Whitman day in and day out was right beside the soldiers as they died. However, although he could have left and gone back to New York, he remained in the mist of the battles. Whitman reflects on his personal commitment to stay and writes, “I do not see that I do much good to the wounded and dying; but I can not leave them.” (Erkkila 198). Nonetheless, witnessing these deaths obviously had a great affect on him, as it would anyone. Therefore, Whitman used both his observations and feelings that these observations sparked as his muse. While taking care of the soldiers in the hospitals, Whitman assisted both men and young boys from the North and South. Thus, as we discussed in class last week, in his poetry after the war there are more nationalistic words and phrases. Whitman, witnessing as many deaths as he did, saw how precious and fragile life was. Therefore, Whitman wanted his readers to not only to remember the war and many soldiers that died, but to also learn from the war and unite as a nation.

4 Comments »

  1. missvirginia:

    Ay ay ay! So, sometimes I read whatever we’re supposed to for class, then I sit down to do the blog and some of the most important points I wanted to make fly out of my head. Well, that can be remedied, but the point I’m trying to make is when you said:
    “In the introduction to Memoranda, Whitman expresses his fears of the Civil War being forgotten and writes, “In the mushy influence of current times, the fervid atmosphere and typical events of those years are in danger of being totally forgotten” (5). However, in the lament Whitman gives, Whitman himself acknowledges that the “real war” can never be captured. ”
    I TOTALLY had that thought too. I kept thinking, how contradictory! On another note, I think that Whitman was trying to give the public a more real vision of the war. Or at least, I hope–from his poems and letters I don’t think he was sugar-coating anything, but I agree that trying to convey everything he saw and witnessed is near impossible.
    Great post overall–and I have family in Mass, so thumbs up! :)

  2. Mara Scanlon:

    Jess, I am also a Yankee immersing in the Civil War, a war I have not thought enough about even though I literally live on ground that Whitman reminds me is saturated with blood and foul fluids and rotted bodies.
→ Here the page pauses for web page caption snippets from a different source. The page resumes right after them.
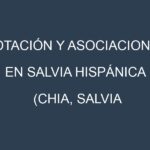 Rotación y Asociaciones en Salvia hispánica (Chia, salvia hispanica). Estrategias de rotación y Beneficios de las asociaciones de cultivos.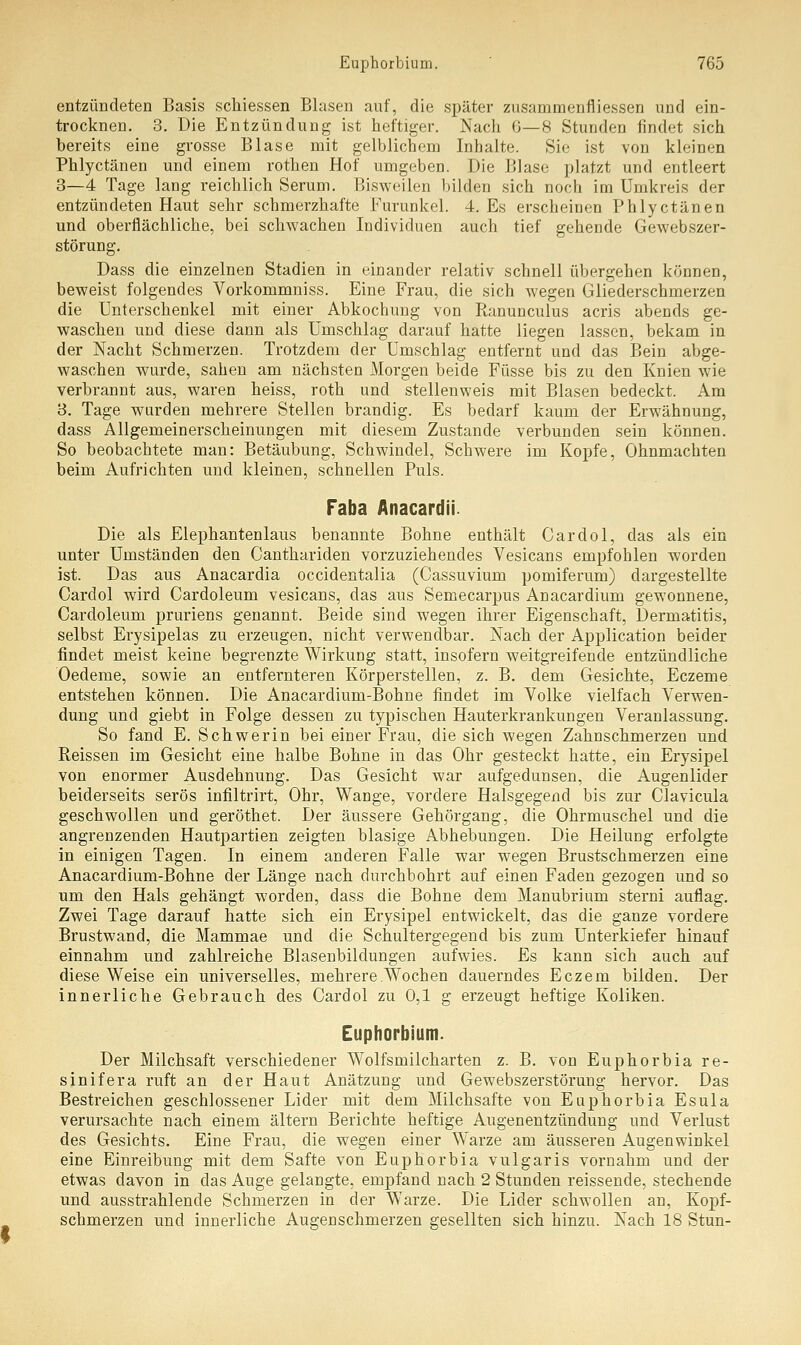 entzündeten Basis schiessen Blasen auf, die später zusammerifliessen und ein- trocknen. 3. Die Entzündung ist heftiger. Nach 6—8 Stunden findet sich bereits eine grosse Blase mit gelblichem Inhalte. Sie ist von kleinen Phlyctänen und einem rothen Hof umgeben. Die Blase platzt und entleert 3—4 Tage lang reichlich Serum. Bisweilen bilden sich noch im Umkreis der entzündeten Haut sehr schmerzhafte Furunkel. 4. Es erscheinen Phlyctänen und oberflächliche, bei schwachen Individuen auch tief gehende Gewebszer- störung. Dass die einzelnen Stadien in einander relativ schnell übergehen können, beweist folgendes Vorkommniss. Eine Frau, die sich wegen Gliederschmerzen die Unterschenkel mit einer Abkochung von Ranunculus acris abends ge- waschen und diese dann als Umschlag darauf hatte liegen lassen, bekam in der Nacht Schmerzen. Trotzdem der Umschlag entfernt und das Bein abge- waschen wurde, sahen am nächsten Morgen beide Füsse bis zu den Knien wie verbrannt aus, waren heiss, roth und stellenweis mit Blasen bedeckt. Am 3. Tage wurden mehrere Stellen brandig. Es bedarf kaum der Erwähnung, dass Allgemeinerscheinungen mit diesem Zustande verbunden sein können. So beobachtete man: Betäubung, Schwindel, Schwere im Kopfe, Ohnmächten beim Aufrichten und kleinen, schnellen Puls. Faba Anacardii. Die als Elephantenlaus benannte Bohne enthält Cardol, das als ein unter Umständen den Canthariden vorzuziehendes Vesicans empfohlen worden ist. Das aus Anacardia occidentalia (Cassuvium pomiferum) dargestellte Cardol wird Cardoleum vesicans, das aus Semecarpus Anacardium gewonnene, Cardoleum pruriens genannt. Beide sind wegen ihrer Eigenschaft, Dermatitis, selbst Erysipelas zu erzeugen, nicht verwendbar. Nach der Application beider findet meist keine begrenzte Wirkung statt, insofern weitgreifende entzündliche Oedeme, sowie an entfernteren Körperstellen, z. B. dem Gesichte, Eczeme entstehen können. Die Anacardium-Bohne findet im Volke vielfach Verwen- dung und giebt in Folge dessen zu typischen Hauterkrankungen Veranlassung. So fand E. Schwerin bei einer Frau, die sich wegen Zahnschmerzen und Reissen im Gesicht eine halbe Bohne in das Ohr gesteckt hatte, ein Erysipel von enormer Ausdehnung. Das Gesicht war aufgedunsen, die Augenlider beiderseits serös infiltrirt, Ohr, Wange, vordere Halsgegend bis zur Clavicula geschwollen und geröthet. Der äussere Gehörgang, die Ohrmuschel und die angrenzenden Hautpartien zeigten blasige Abhebungen. Die Heilung erfolgte in einigen Tagen. In einem anderen Falle war wegen Brustschmerzen eine Anacardium-Bohne der Länge nach durchbohrt auf einen Faden gezogen und so um den Hals gehängt worden, dass die Bohne dem Manubrium sterni auflag. Zwei Tage darauf hatte sich ein Erysipel entwickelt, das die ganze vordere Brustwand, die Mammae und die Schultergegend bis zum Unterkiefer hinauf einnahm und zahlreiche Blasenbildungen aufwies. Es kann sich auch auf diese Weise ein universelles, mehrere Wochen dauerndes Eczem bilden. Der innerliche Gebrauch des Cardol zu 0,1 g erzeugt heftige Koliken. Euphorbium. Der Milchsaft verschiedener Wolfsmilcharten z. B. von Euphorbia re- sinifera ruft an der Haut Anätzung und Gewebszerstörung hervor. Das Bestreichen geschlossener Lider mit dem Milchsafte von Euphorbia Esula verursachte nach einem altern Berichte heftige Augenentzündung und Verlust des Gesichts. Eine Frau, die wegen einer Warze am äusseren Augenwinkel eine Einreibung mit dem Safte von Euphorbia vulgaris vornahm und der etwas davon in das Auge gelangte, empfand nach 2 Stunden reissende, stechende und ausstrahlende Schmerzen in der Warze. Die Lider schwollen an, Kopf- schmerzen und innerliche Augenschmerzen gesellten sich hinzu. Nach 18 Stun-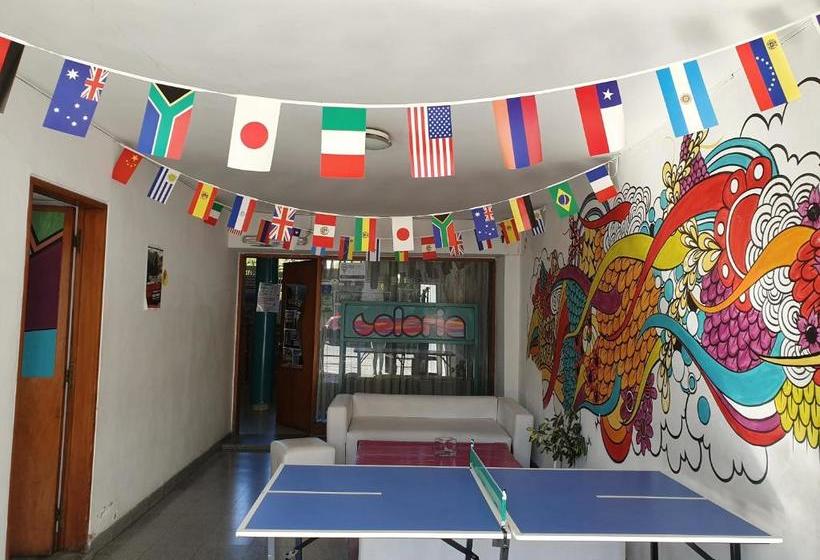 Coloria Hostel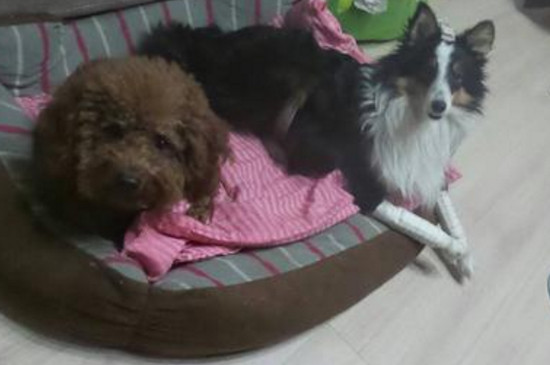 狗狗前腿肘部脱毛发红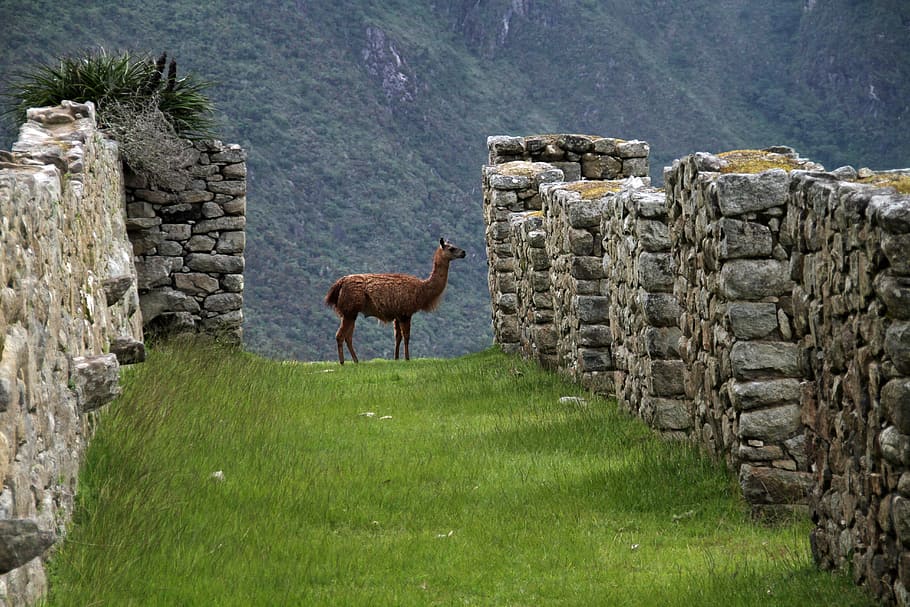 brown goat on Machu Picchu, peru, inca, south, america, ancient, HD wallpaper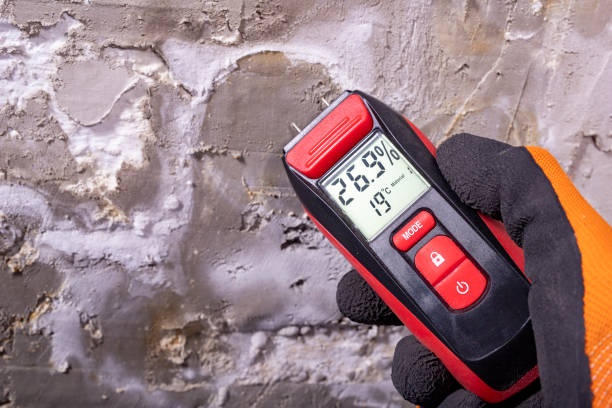 Best Preventive Mold Services in Tyndall Af, FL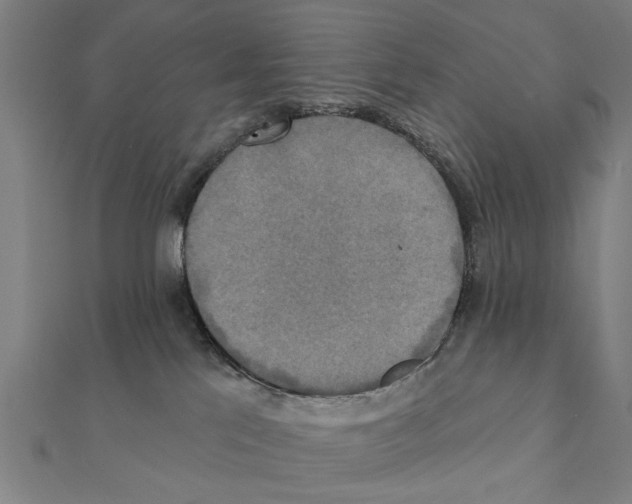 X0000111220041200907301235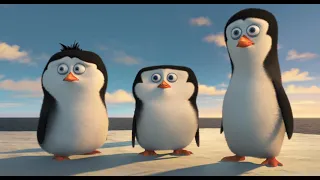 Вітаю!  А ви моя сім'я? - Пінгвіни Мадагаскару (Penguins of Madagascar) 2014 рік
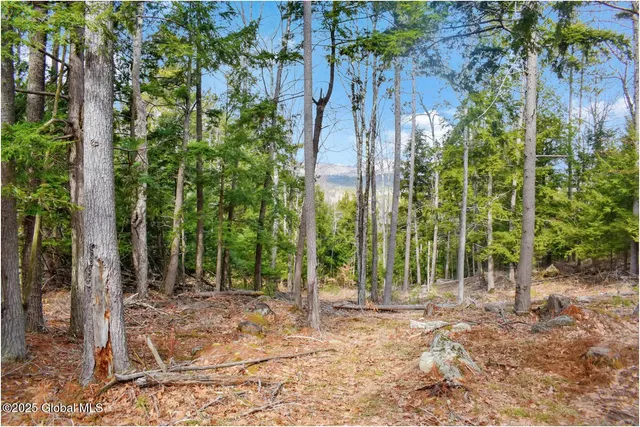 $142,500 | L18 Mountain Meadow Road, Adirondack, NY 12808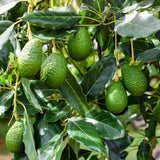 HASS Avocado Tree Live Plant, Landscape Fruit Tree, 5-7 Inch Tall
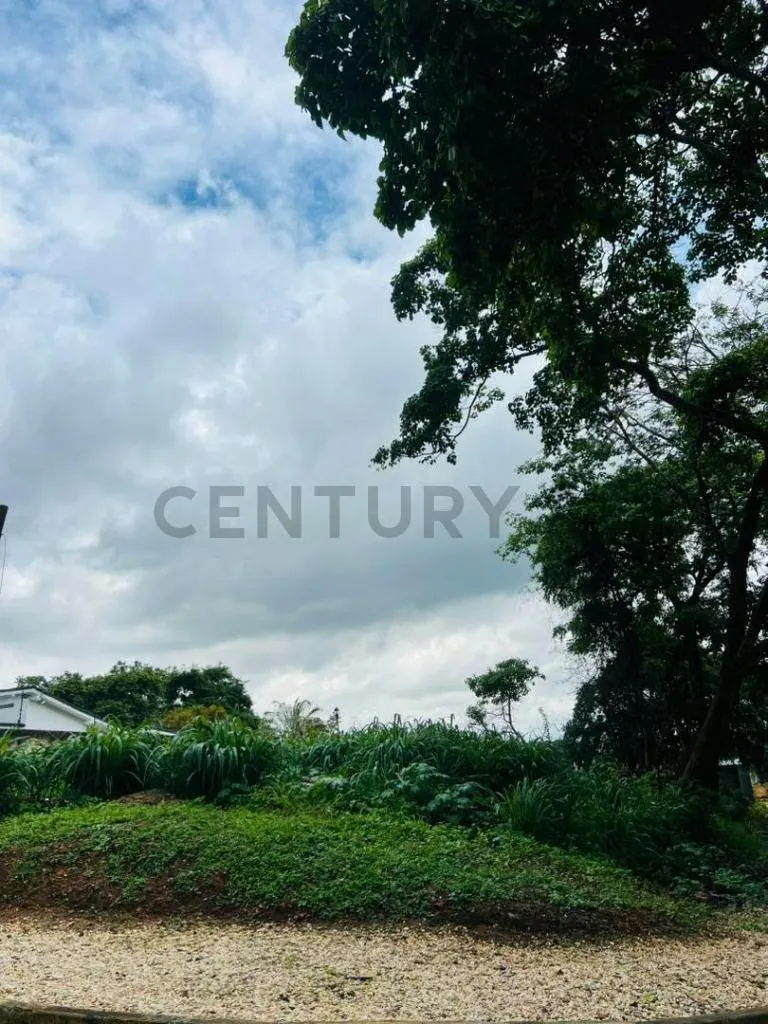 TERRENO EN COLINAS DE GUATAPARO - 5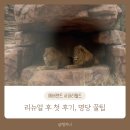 좋은자리 | 에버랜드 사파리월드 리뉴얼 후기｜좋은 자리, 아이와 다녀온 솔직후기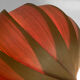Pine veneer wall lamp/visor light by Translandia. Denmark 1960s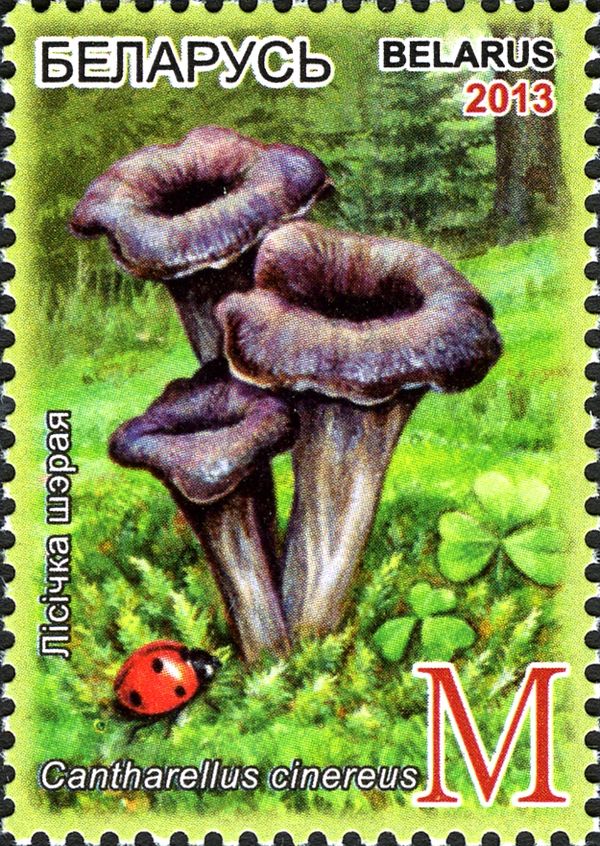 Cantharellus cinereus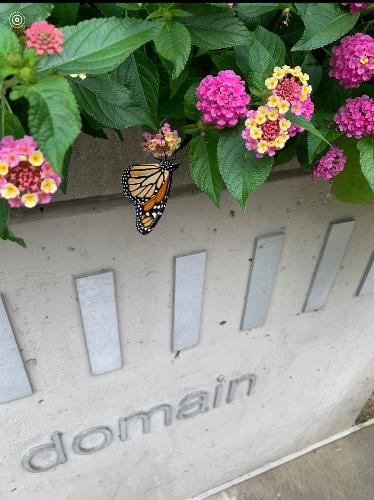 Building Photo - 900 N Kingsbury St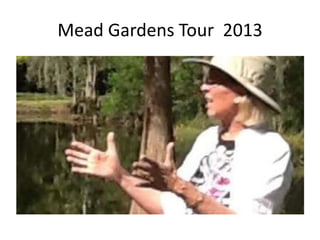 Mead Gardens Tour 2013

 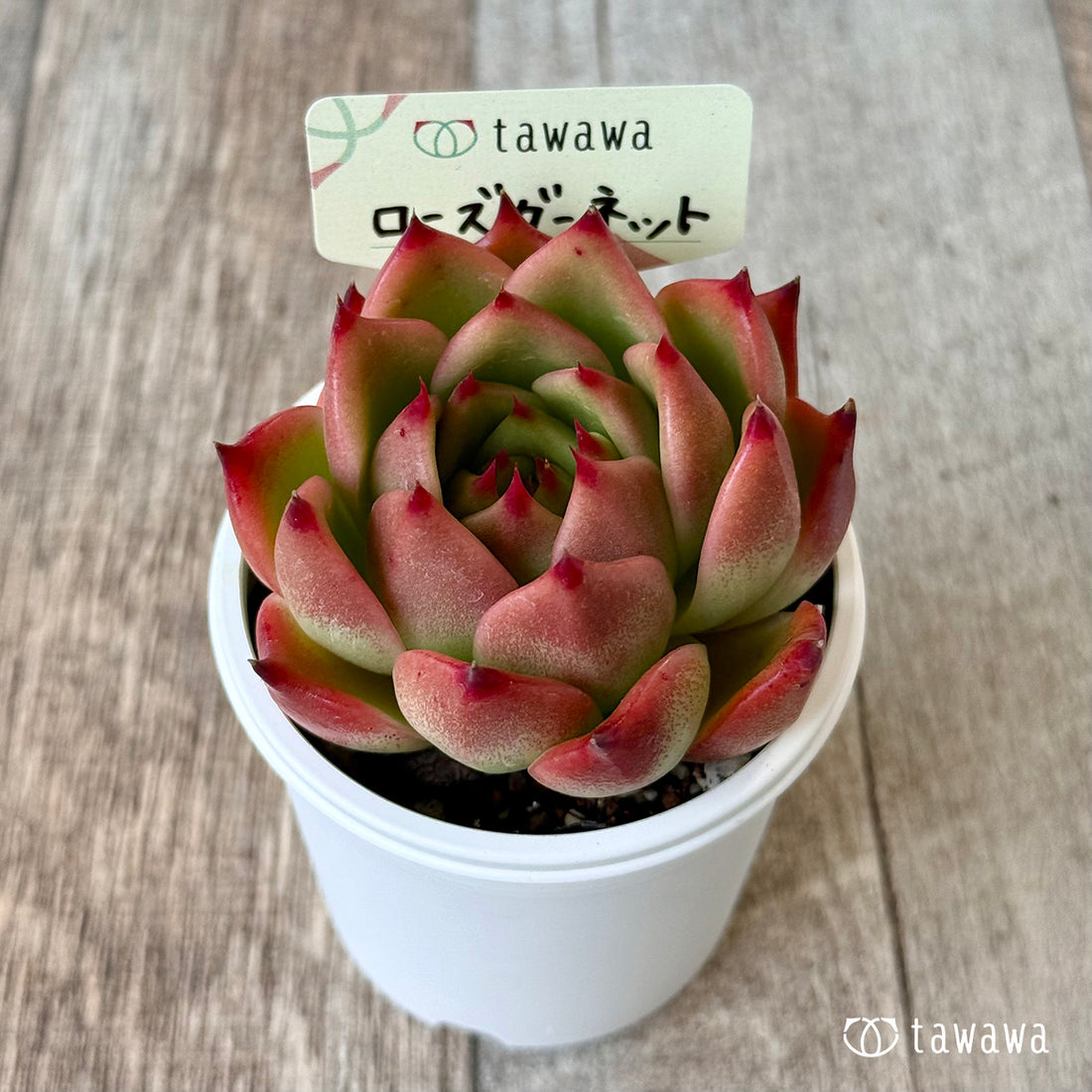 ローズガーネット(エアーマジック農園)【tawawaハウス苗】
    Erkkila makes the interesting pt that Whitman published Memoranda 10 years after the war, as the nation was moving into the greed, corruption, and consumerism of the late 19th century and Reconstruction. So it really is a mediated and carefully framed text, even as it purports to be a raw chronicle. The rhetorical work of it as such is fascinating.

  3. Mara Scanlon:

    Forgot to say, Jessica, that I really love your attention here to writing in its less public form: the letters for and about soldiers, some of which Whitman sends to families even after their men are dead, just to give a personal comment on the death.

  4. s-words:

    Yeah, I’m fascinated with that consideration of “Whitman’s writing talent” as “a means of comfort to soldiers.” Anyone filling the role of a nurse in a hospital for Civil War wounded might have been expected to write home to the men’s families, especially on the occasion of their deaths. But the thought of Whitman harnessing his particular abilities in these letters (as a distinct genre, even!) really exceeds that nursing role. What’s even more interesting in this context, then, is the fact that Whitman deliberately submerges his “writerly” exceptionality in those letters, assumedly out of deference to the “less public” nature of the genre (Scanlon’s words in quotes). For example, in a May 1865 letter to a Mrs. Irwin, Whitman notes that “I thought perhaps a few words, though from a stranger, about your son, from one who was with him at the last, might be worth while–for I loved the man, though I but saw him immediately to lose him. I am merely a friend visiting the hospitals occasionally to cheer the wounded and sick.” In these lines we have simultaneously a measured withdrawal from presuming to know too much about Irwin, and a defiant declaration of his right to have “loved the man” after such a brief time, all in a writing meant to serve a relatively routine function. True to the ethos of his poetry, no task was “unequal” to his abilities as a writer.